■ Your instructions ■
Go through the entries below and print, exactly, the lines starting at the one with "Chillicheese nuggets 🤤" and ending at the one with "401 Golden Isles", keeping both ends and no others.

■ Data for this exercise ■
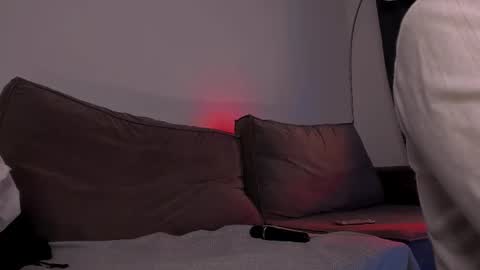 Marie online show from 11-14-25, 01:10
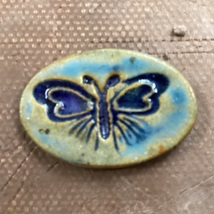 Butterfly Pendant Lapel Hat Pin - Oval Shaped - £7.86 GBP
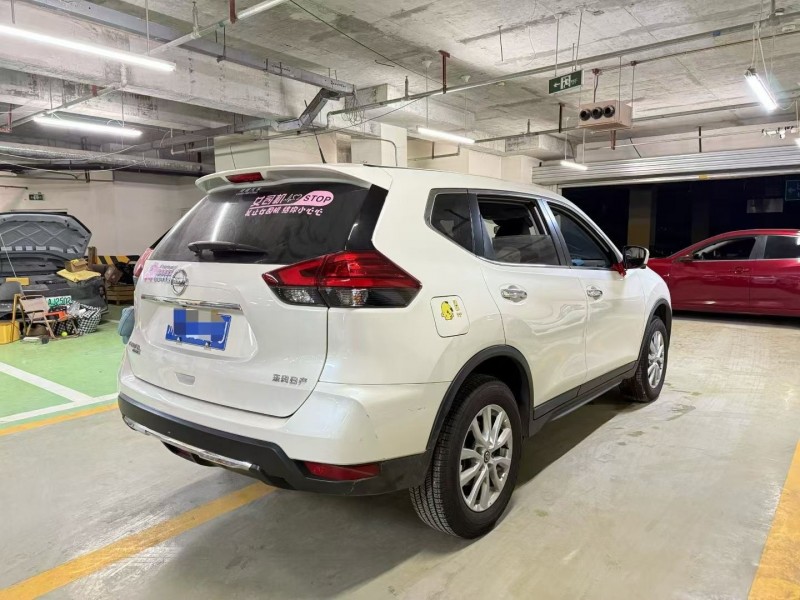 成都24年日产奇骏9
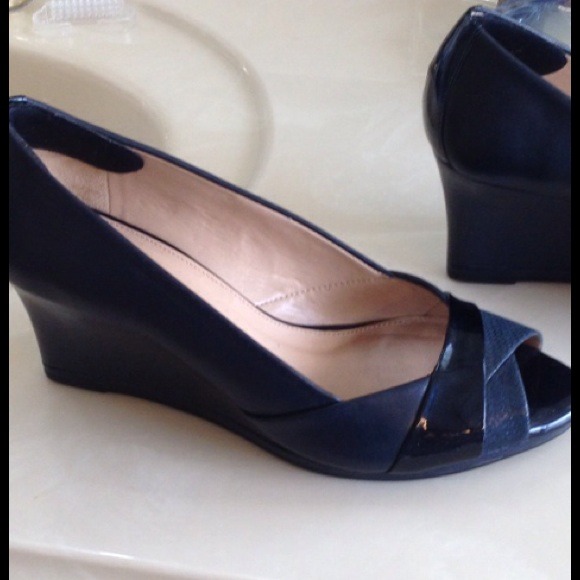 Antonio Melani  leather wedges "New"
---
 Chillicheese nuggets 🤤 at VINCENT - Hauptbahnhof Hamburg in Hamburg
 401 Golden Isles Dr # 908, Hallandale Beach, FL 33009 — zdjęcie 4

■ Finished exercise ■
 Chillicheese nuggets 🤤 at VINCENT - Hauptbahnhof Hamburg in Hamburg
 401 Golden Isles Dr # 908, Hallandale Beach, FL 33009 — zdjęcie 4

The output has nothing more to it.